ホルムズ海峡砂景色のネタ本のタイトルが「イスラームの日常世界」であるのはご紹介したとおりです。
イスラームというのは「神の教え」という意味を含んでいるので、わざわざ「教」を付けなくてもイスラム教を意味します。
イスラム教徒のことは「ムスリム」といいます。
ここんとこオイルマネーの台頭が著しく、首長たちの贅沢から国土・産業開発に向かい、さらには投資に向いてきています。
イスラームという言い方はやめて以下なじみのイスラム教と表記します。
イスラム教の教義の中には、利息を取ることを禁ずる。というものがあります。
一夫多妻制といい教祖ムハンマドゥの生涯に影響されたものでしょう。
ムハンマドゥの時代は戦争が多くて、夫を亡くした戦争未亡人が多かったということです。
ムハンマドゥ自身の妻も未亡人でありましたが、裕福な資産家でありました。
そういう時代にあっては、経済的に余裕があり、妻を平等に愛せるなら複数の妻を持つことが許されるというのは社会的要請でもあったのです。

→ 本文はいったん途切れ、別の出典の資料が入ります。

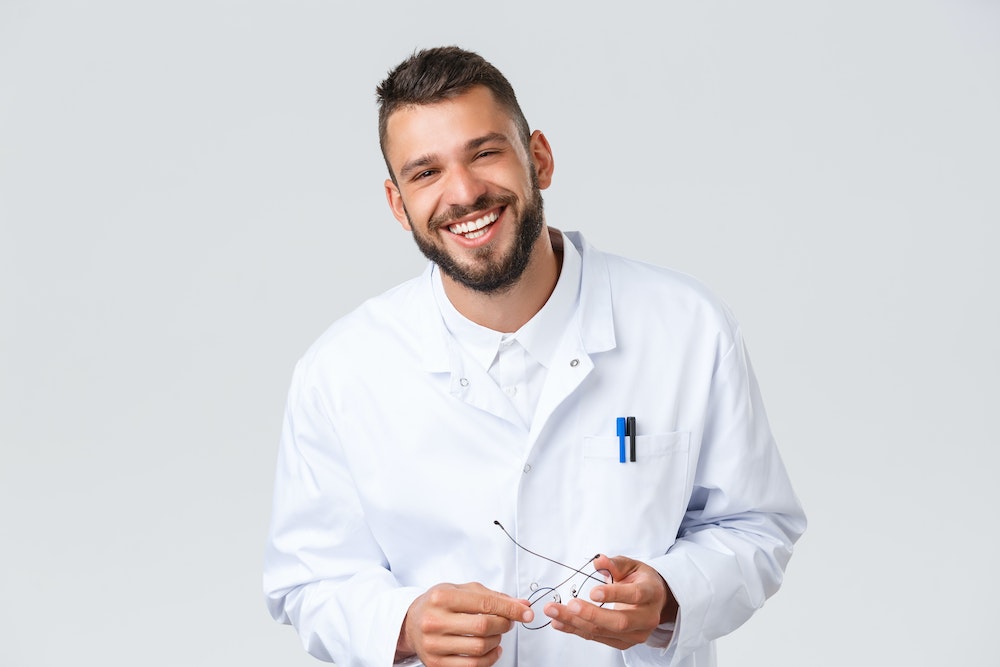 Comment optimiser le coût d'une mutuelle santé en entreprise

また、自ら商人でもあったムハンマドゥからすれば、借金に苦しむ民衆に高利で金を貸しただけで額に汗することもなく暮らす拝が許せなかったのでしょう。

すなわち、イスラム教では普通の銀行というのは成り立ち難いと考えられます。
しかしながら、9.11テロ以降のアメリカ社会はイスラム教に敵意を表し、イスラム側も反米的になっています。
それこそテロリストの思うツボでありますが、事実なんでそういうことです。
そんなわけで、それまで米英の金融会社や投資顧問に運用を任せていた資金を別の方法で運用したいと考えるようになりました。

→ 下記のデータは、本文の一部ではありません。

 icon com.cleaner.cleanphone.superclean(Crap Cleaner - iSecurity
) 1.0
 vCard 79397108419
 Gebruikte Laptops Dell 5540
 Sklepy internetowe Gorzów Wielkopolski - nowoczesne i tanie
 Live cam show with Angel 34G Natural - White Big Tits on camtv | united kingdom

利息を取ることが教義に反するというんじゃ銀行業はなりたたないと思えます。
しかし、割引債みたいなのはいいらしいです。
割引債というのは、100万円の額面の債権を95万円で購入し、満期なれば100万円が償還されるもの。
その他、教義に従った事業に投資して儲けから配当を受け取るのも許されるんだそうです。

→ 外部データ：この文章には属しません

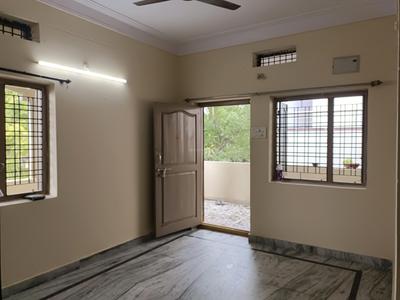 BHK House for rent in Alwal, Hyderabad Rent BHK Villas in
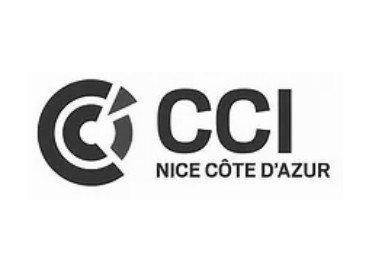 CCI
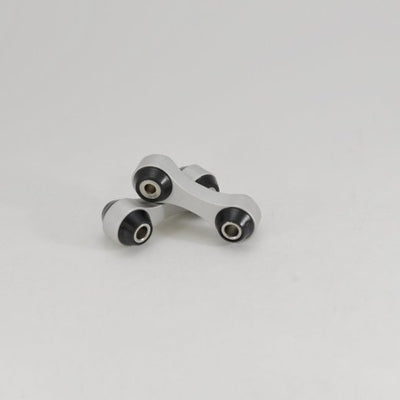 Kartboy 02-07 Subaru WRX Wagon/97-01 Subaru GC8 Front Swaybar Endlinks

たとえば、酒造メーカーに投資するのは許されないが、オーストラリアの羊肉加工業者が屠畜の際にお祈りをする施設を建設する事業に投資することは許される。
イスラム教の食肉といえば羊が一般的ですが、その多くはオーストラリア・ニュージーランドから輸入されています。
イスラム教では、教えにしたがった方式でお祈りして屠畜された証明書がないと肉を食っちゃいけません。
オーストラリアでは、分別するのが面倒なので全部お祈りしてるそうです。
われわれもそんな羊の肉を食ってるかも知れません。


話は反れましたが、イスラム圏ではそんな投資先を選別するために人材が要るわけで、2010年までに3万人のイスラム金融の専門家が必要だといいます。
非イスラム圏でもオイルマネー争奪のためにイスラム教の教義に詳しい金融の専門家が必要になるかもしれません、
まあ、投資の目的が明らかな点ではエコファンドに通ずるところがありそうです。